They applied to any number of subjects, but certainly not to the visitors, who were swamped in the first half, began to find their way after intermission, then surrendered two goals in rapid succession in the late stages in falling to 0-1-1 at the start of an imposing schedule.
Announced attendance was 72,035, smashing the MLS record set here last fall after the team spent most of its inaugural season at Georgia Tech. Capacity is typically 42,500 for league matches, but for the home opener and a few others, the Falcons-owned organization will open the upper deck.
The home side did not disappoint.
Josef Martinez scored midway through the first half and Miguel Almiron and Hector Villalba struck later as Atlanta rebounded from a 4-0 defeat at Houston last weekend and began to avenge three defeats in three meetings with D.C. in 2017.
Darren Mattocks answered in the 86th minute, but D.C.’s outlook had faded during a one-sided first half and an improved but unfulfilled start to the second half.
“We’re a good team. I really like the makeup of our team,” Olsen said. “I think we’ll respond. We understand this is a long first half of the year [with 12 of 14 on the road]. We’re not going to get a result in every road venue. This is a tough one.”

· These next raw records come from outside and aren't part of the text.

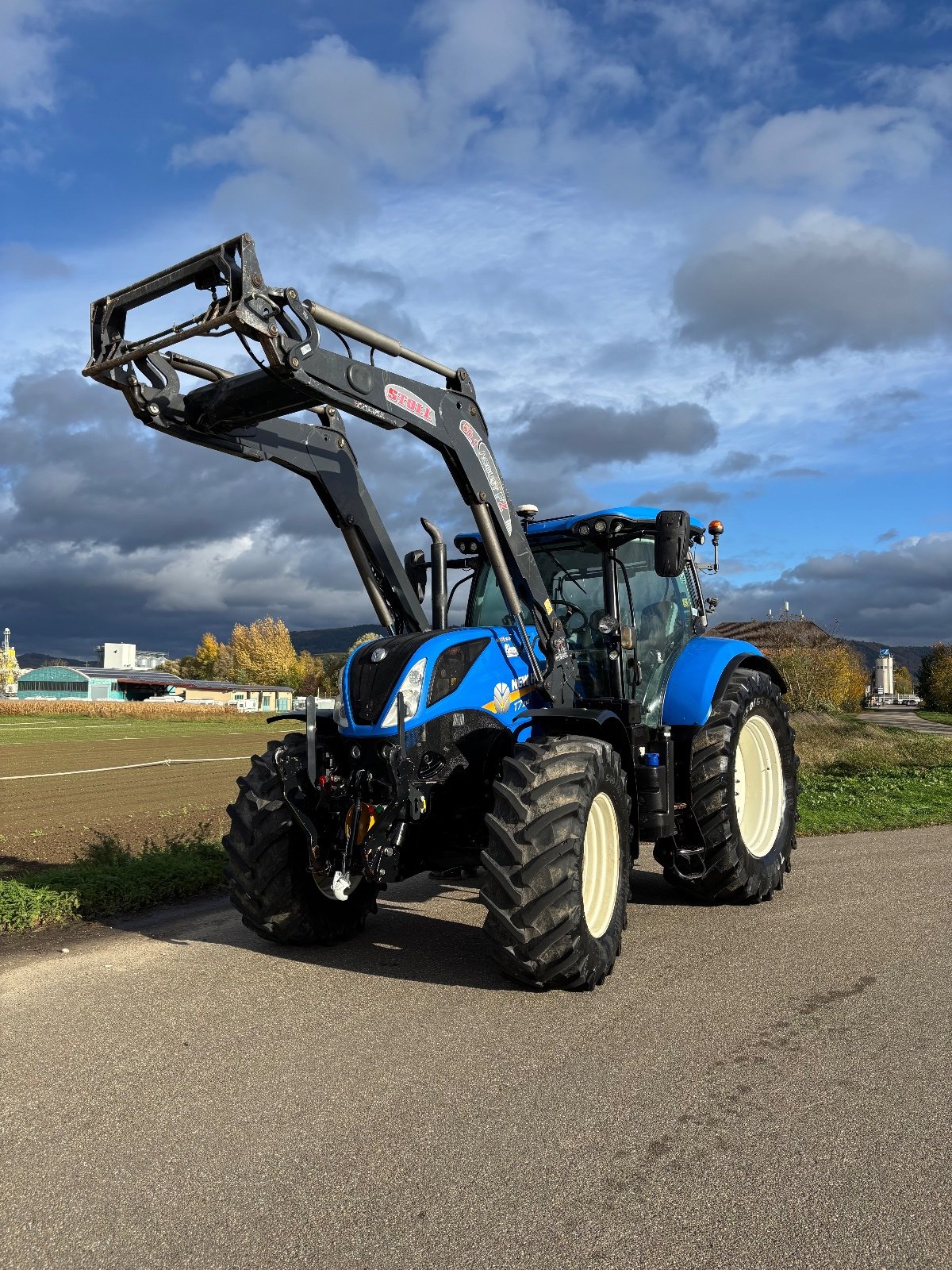 Traktor типа New Holland T7.210, Gebrauchtmaschine в Friesenheim (Фотография 1)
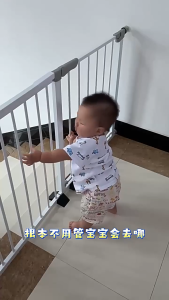 ประตูกั้นเด็ก ที่กั้นเด็ก กั้นบันได ที่กั้นสัตว์เลี้ยง ติดตั้งง่าย ไม่ต้องเจาะผนัง แข็งแรง (สินค้าในไทย)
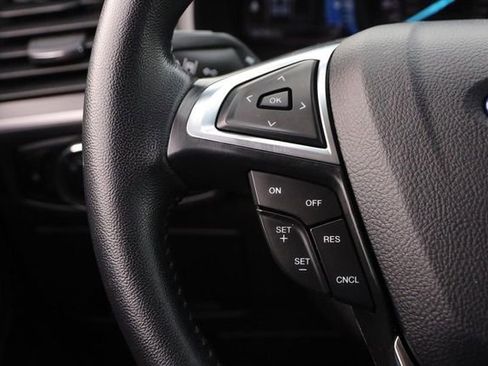 Certified 2024 Ford Edge SEL image 11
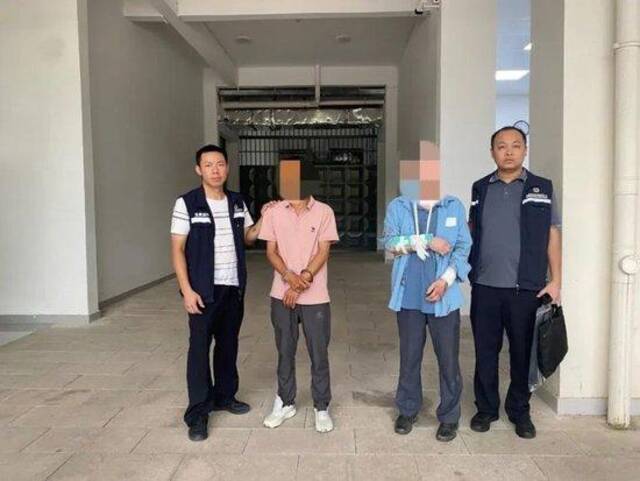 江西一家三口袭警被刑拘，拿水果刀、铁锤追打民警致腿部、手部多处受伤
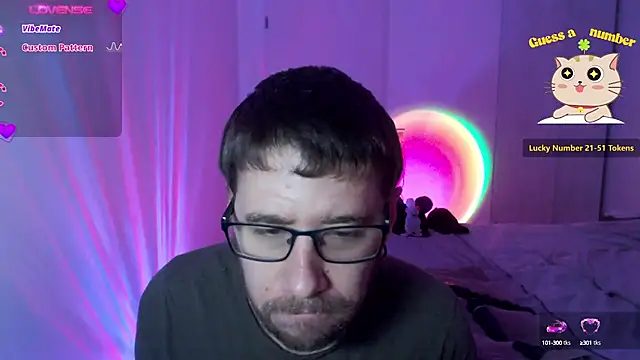 Snapshot of Thomas_Mrd chatting on 12-16-24, 04:02 Thomas Mrd online show from 12-16-24, 04:02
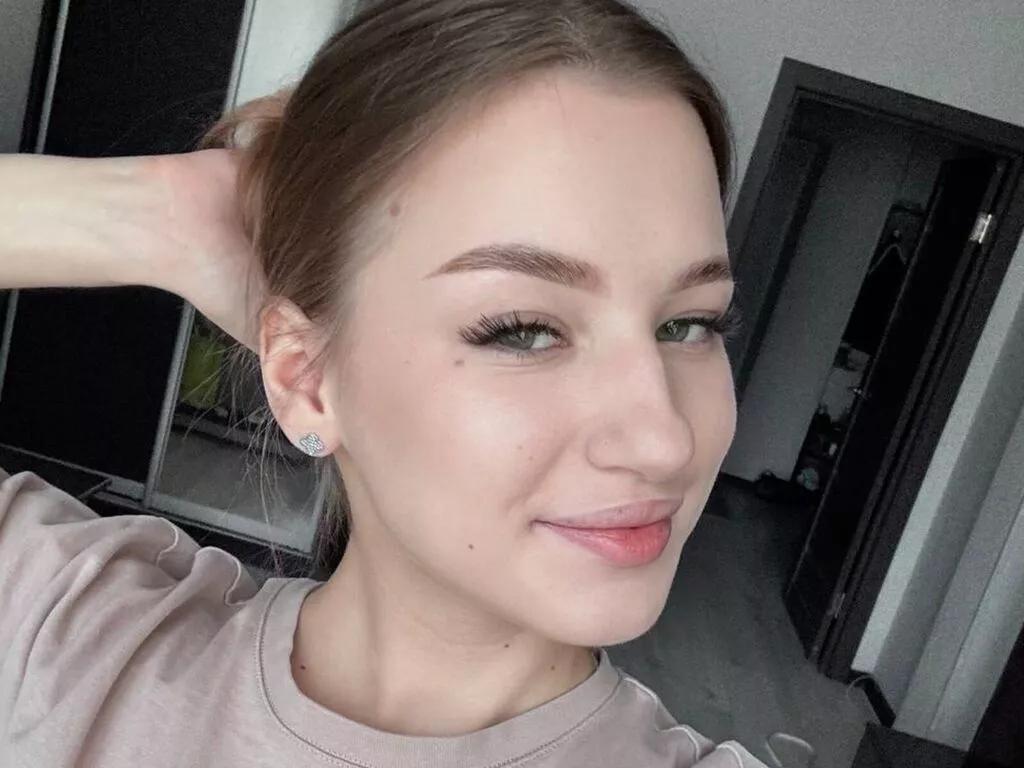 MonaVilonny webcams show profile image 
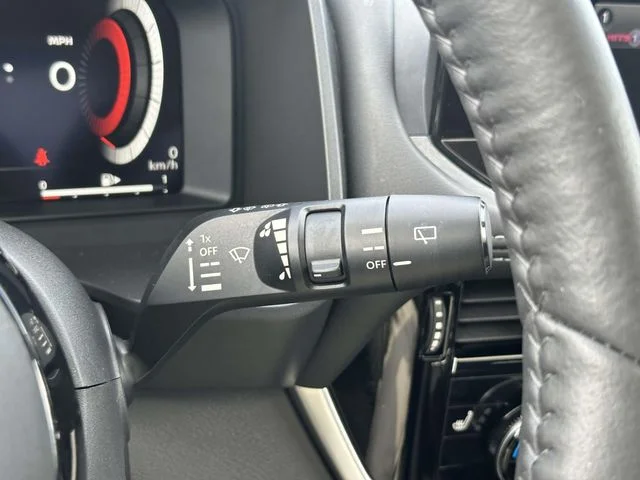 Used 2021 Gray Nissan Platinum image 25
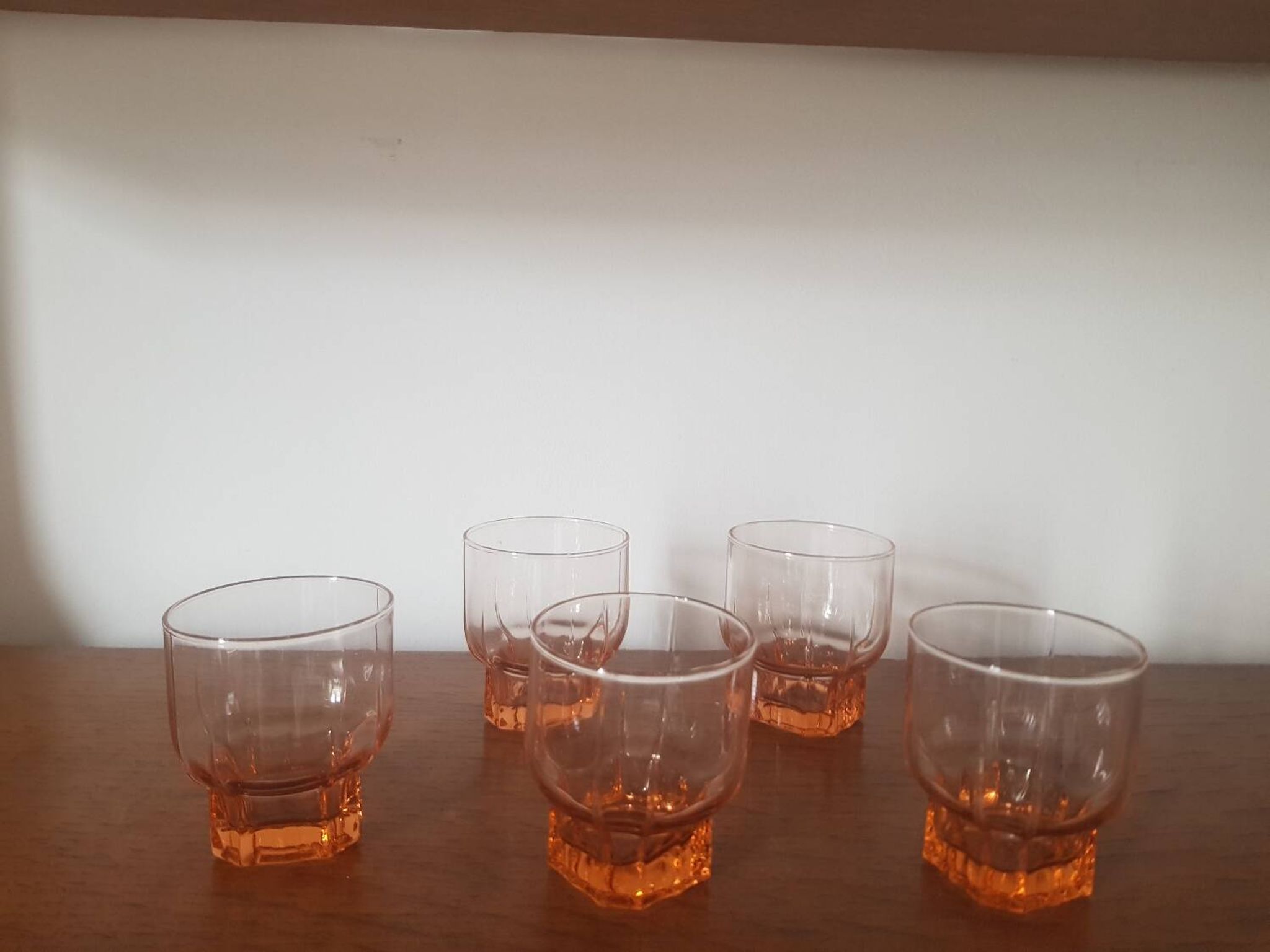 Set of 5 small pink glasses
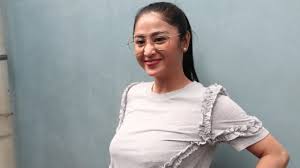 Dewi persik mengangguk tanpa menjawab. Unggah Foto Saat Umur 10 Tahun Penampilan Dewi Persik Dipertanyakan Kumparan Com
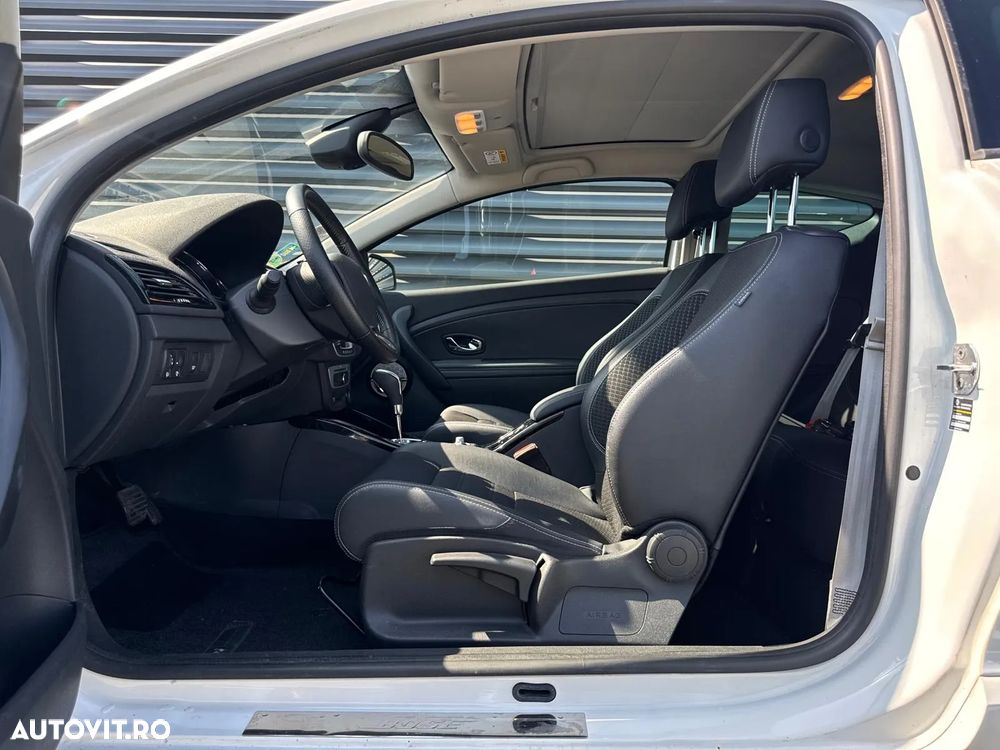 Renault Megane Coupe TCe 130 EDC Bose Edition - 17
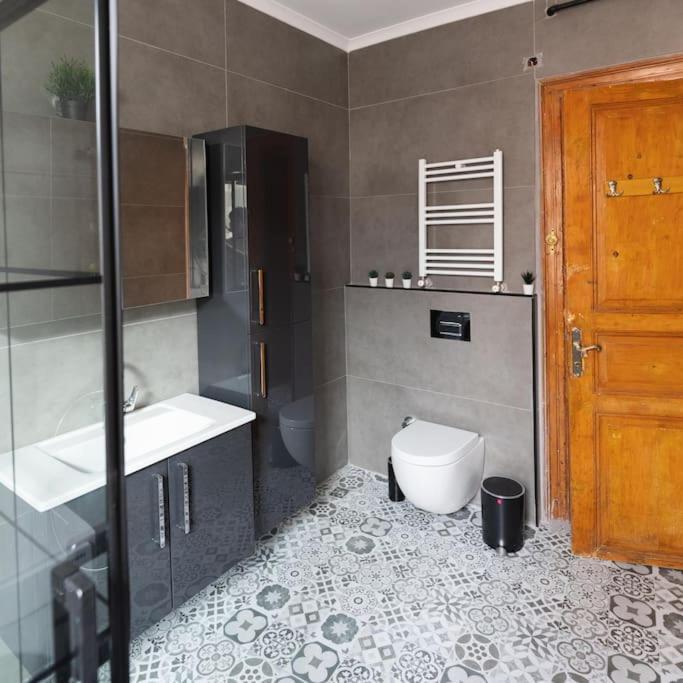 Beyoglu'nda 4+1 Ferah, Manzarali Tarihi Istanbul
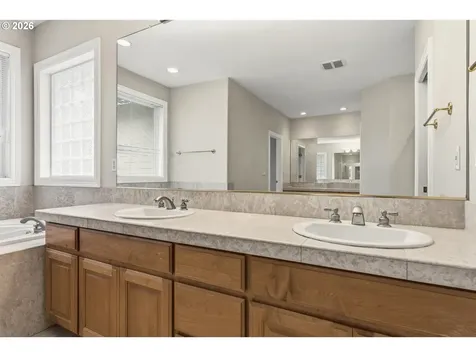 13979 NW Greenwood Drive Portland OR 97229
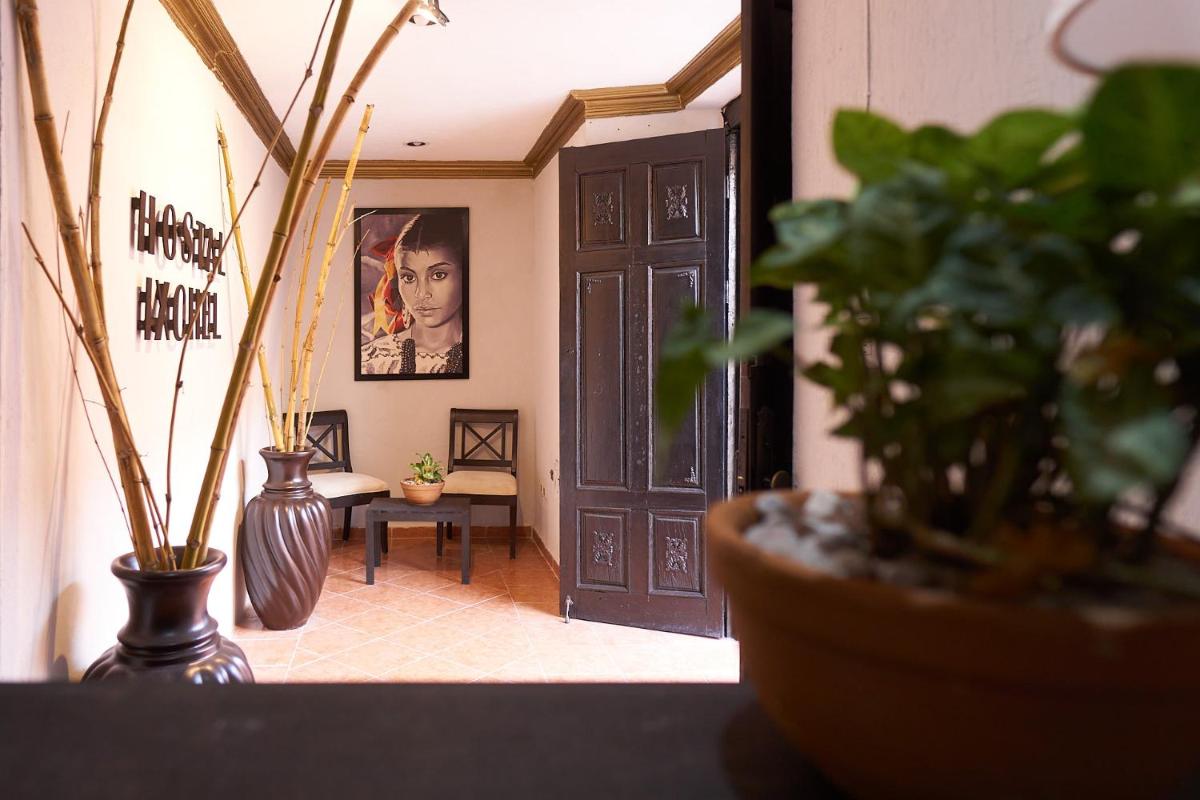 Hostal Ixchel - WiFi, Hot Water, AC, in Valladolid Downtown - Housity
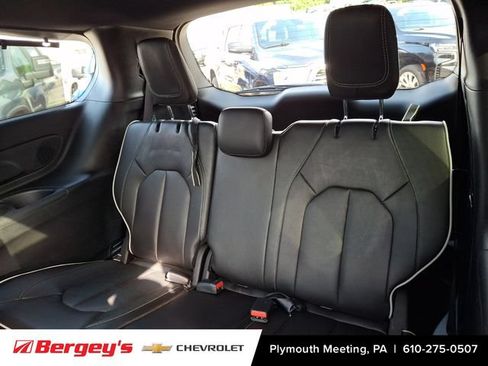 Used 2025 Chrysler Pacifica Limited FWD image 12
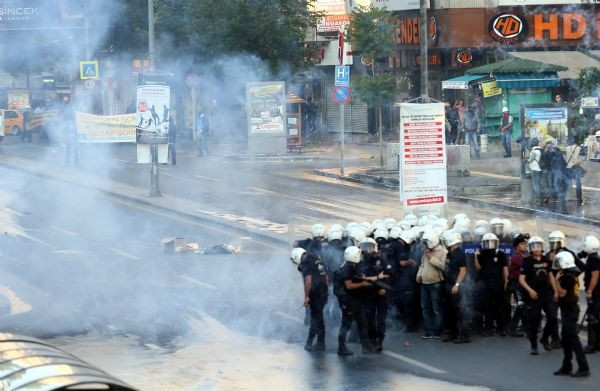 Bir yanda ekmek parası, bir yanda protesto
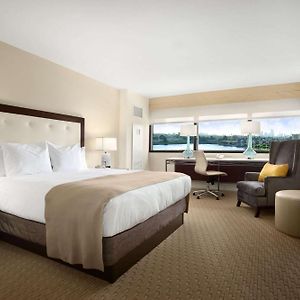 King Room Lagoon View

It’s tough because of Atlanta’s large, deafening crowd and the artificial turf but mostly because of a menacing attack that finished second in the league in scoring last year and rebooted over the winter.
D.C. was chasing the game from the start. An Atlanta goal seemed certain on three occasions, but David Ousted made a pair of quality saves and Julian Gressel squandered a good look.
Atlanta worked the angles and channels to create opportunity, raising the volume of the roofed arena. The breakthrough came in the 24th minute on a swift foray.
Villalba and Darlington Nagbe played a combination on the right side. Villalba left Ulises Segura and Junior Moreno in his wake.
With Oniel Fisher caught up field, center back Steve Birnbaum had to contest the fast-charging attacker. Villalba drove a cross between his legs and behind Frederic Brillant. Jetting between Brillant and Nick DeLeon, Martinez met the pinpoint pass in stride and scored with a sliding finish from five yards.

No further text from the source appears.